L’homme en habit transportait trois chemises dans un sac transparent de nettoyeur : une blanche, une bleue, et une lignée bleue et blanche. Celle sous son veston était bleu ciel. Peut-être que l’audace était dans sa cravate et ses bas rouges? Je ne suis pas à l’affût des tendances dans le domaine des affaires.
Tandis que je lui inventais une vie en lisant à l’envers la facture accrochée après les cintres et en pensant ça coûte donc ben cher faire nettoyer des chemises bleues, une olive noire dénoyautée a roulé entre nos pieds. J’ai d’abord cru que c’était un raisin, puis un bleuet, parce que qui grignote des olives en canne dans le métro? Une madame qui portait ces malheureux souliers de cuir avec des orteils l’a écrasée sans la voir. Là encore, j’aurais apprécié un témoin, juste un. J’étais dans une pièce de théâtre expérimental, mais je n’ai pas réfléchi longtemps à la signification de l’affaire.
On n’a pas besoin de chercher des symboles et des métaphores partout, tsé.
Mes écouteurs me jouaient tout croche un mauvais shuffle depuis Square-Victoria, jusqu’à cette toune de Radio Radio. La toune d’un début. Je me suis demandé ce qui était pire : être la personne qui est malade dans un wagon, ou être celle qui pleure. Deux expériences qui manquaient à mon cheminement, mais que je n’avais pas nécessairement envie de vivre non plus.
On n’a pas besoin de tout essayer, tsé.
Une fois, j’ai tenu la main d’une inconnue qui était pliée au-dessus d’une poubelle du métro, en attendant les ambulanciers. Et trois fois j’ai demandé à des passagers qui n’arrivaient pas à contenir leur peine si ça allait. J’ai regardé autour de moi : il y avait l’homme à la cravate rouge, la madame aux mauvais souliers, et une couple de gens encore moins avenants. J’ai pensé qu’aucune de ces personnes ne me tendrait la main si je m’épanchais. J’ai touché l’épaule de la fille à côté de moi et lui ai dit que j’aimais ses cheveux. Apparemment, j’ai fait sa journée. Facile comme ça : un compliment gratuit, une réaction charmante, un mauvais feeling potentiel mis en échec. I win.

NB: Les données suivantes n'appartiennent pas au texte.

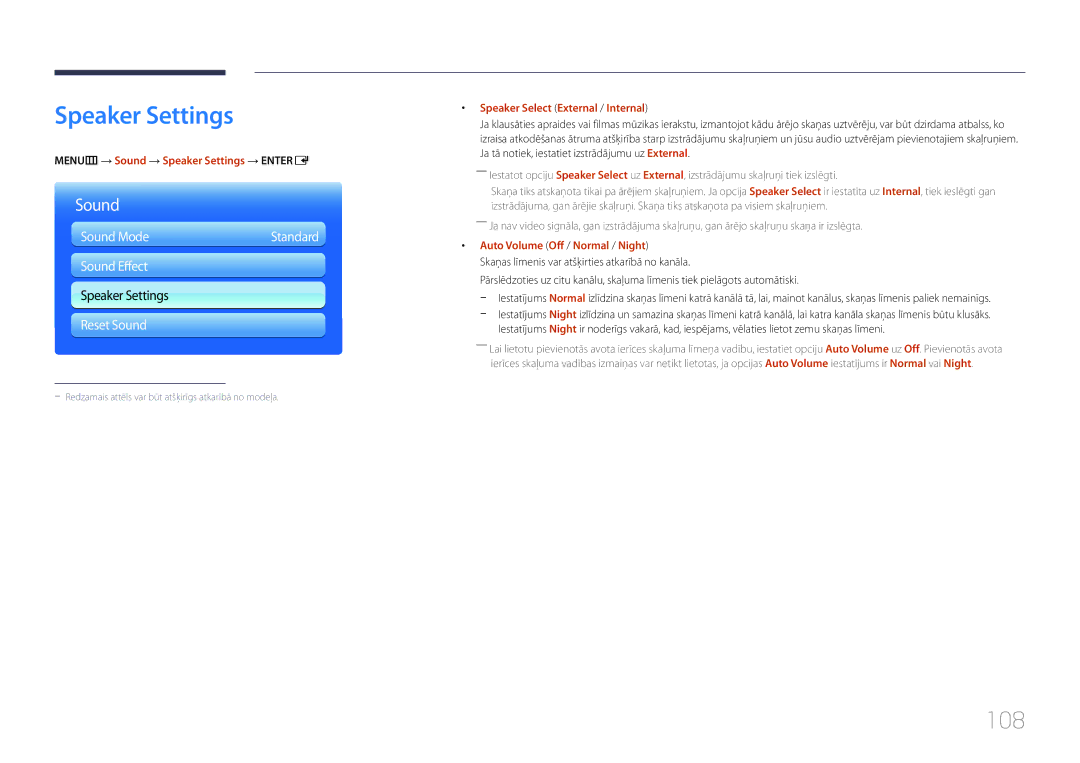 Samsung LH40MDCPLGC/EN, LH55MDCPLGC/EN, LH32MDCPLGC/EN, LH46MDCPLGC/EN manual Speaker Settings, 108, Sound Effect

Les mélomanes ont des histoires qui commencent avec un band et finissent avec un autre. Leurs trames se tissent de musiques à partager, écoutées en boucle les jambes et les coeurs emmêlés, en road trip ou dans la tempête d’un lit. Après la fin, il y a ces artistes qu’on emballe parce qu’ils rappellent un temps qui n’existe plus. Comme on se sépare les meubles, on laisse aller les éphémères, mais on garde toujours Beck, parce qu’il nous suit depuis bien avant.
Faque. Je n’ai ni pleuré, ni vidé mon estomac dans mes mains, parce que vraiment, je n’avais envie d’aucun des deux. Une toune de 2012 n’allait pas résonner dans un samedi de 2014. Je me suis dit ride on et j’ai arrêté le shuffle en souriant. Il y avait un nouveau band que j’avais envie d’écouter.